Thoster whistled. He said, “So, we should avoid sleeping in Xxiphu.”
Seren blinked as if the idea hadn’t occurred to her. Then she nodded emphatically.
Raidon motioned for the others to follow him. There was no time to study the phenomenon and determine whether Seren was right about the ice. He and Angul were in agreement—events were too close to disaster to waste time sightseeing.
Still, Raidon worried he was forgetting something. The enthusiasm of the Blade Cerulean seemed ideal for this stage of
their attack on the Eldest, but part of him wondered if he wasn’t being too hasty. Shouldn’t he have been more suspicious of Thoster’s unsettling skin condition?
In any other circumstance, Angul would have happily obliged such a request. Thoster engaged in just the sort of seemingly inconsequential, petty crime that used to drive the weapon to feats of righteous vindictiveness. But Thoster, no matter the source of his strange curse, couldn’t hold a candle to the burning forest Xxiphu represented.
Nothing else really mattered to Angul save finding and ending one of greatest banes ever to threaten Faerûn. Not that Angul cared a fig for the world.
Raidon was aware the sword influenced him more than he’d normally allow. The clarity, warmth, and comfort streaming from the hilt was his first clue. The half-elf was disciplined enough to disentangle himself from those emotions and keep them separate from his core self. But to say Angul’s persuasion was having no effect would be a lie.

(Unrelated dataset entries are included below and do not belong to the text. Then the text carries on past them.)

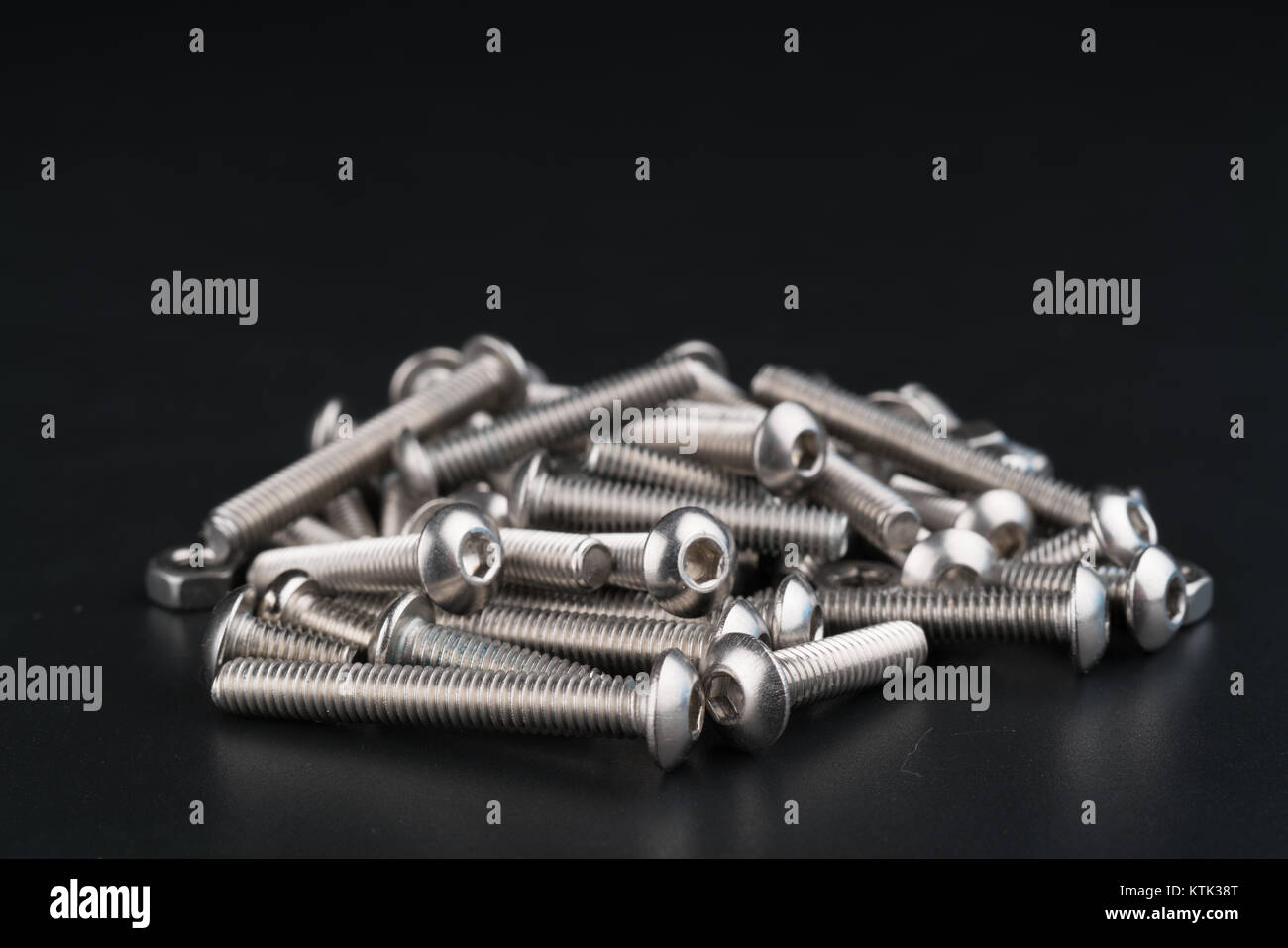 metal fasteners screws and nuts on black background. screw isolated on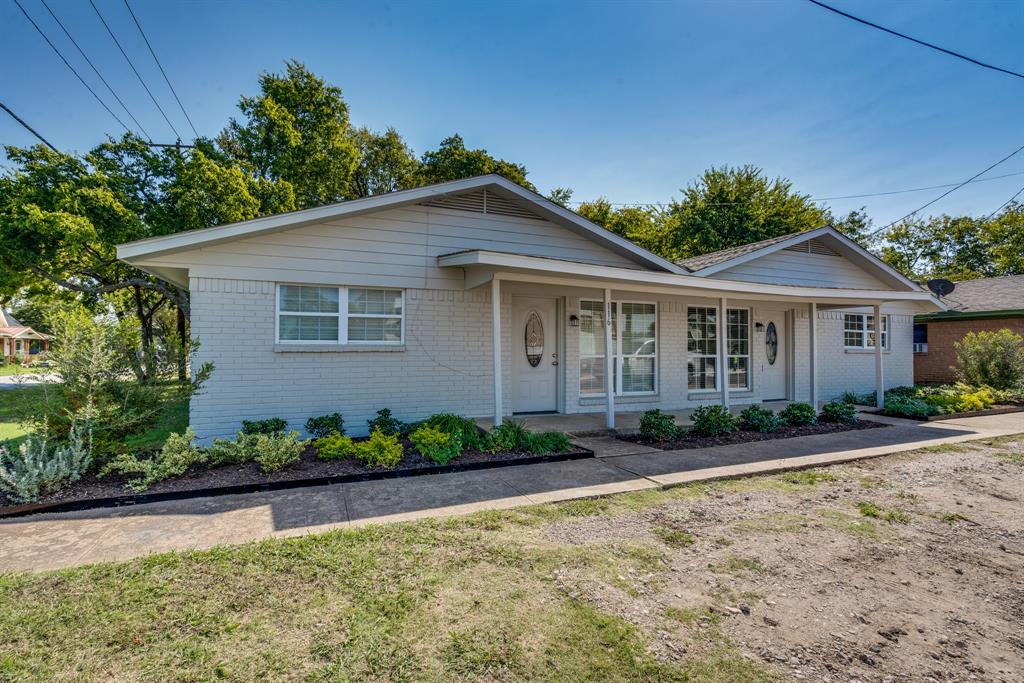 116 North 12th Street, Unit B Midlothian, TX 76065 - Photo 1 of 24 a front view of a house with a yard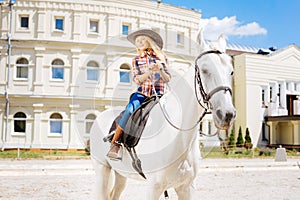 Cute schoolgirl fond of equestrianism riding horse on weekend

On the other hand, like the soul-forged weapon, Raidon himself was a servitor of the Cerulean Sign that blazoned his chest. With the Sign’s energies enlivening the monk’s mind and body, he and Angul were far more aligned in philosophy than he cared to admit.
It was the Cerulean Sign that pulled him forward now, not Angul, for all its sky-burning bluster. In a sense, he had become a living manifestation of the Sign.
The corridor opened into a larger space.
Raidon continued forward without taking the time to reconnoiter. He found himself on the periphery of a circular grotto that smelled unpleasantly of herb and copper. Several other corridors fed into the same chamber.
Thin yellow vines grew across the naked stone of the curved walls. The tangled vines resembled arteries bulging just beneath skin. Indeed, they slowly pulsed with dark fluid. Here and there along each vine, red leathery fruits sprouted. Most were the size of fists, but a few were ripe and heavy with growth. These were closer in size to a man curled in a fetal position. Raidon didn’t let that last comparison go unmarked, but the central features of the grotto claimed his attention.
A perfectly circular pool occupied about two-thirds of the chamber’s floor space. Stone obelisks clustered around the pool, each burning with a purplish flame. Mucus trails coated the floor of the chamber around the pool in thin streaks, emerging from one tunnel, circling the pool, then leading out into one of the other tunnels.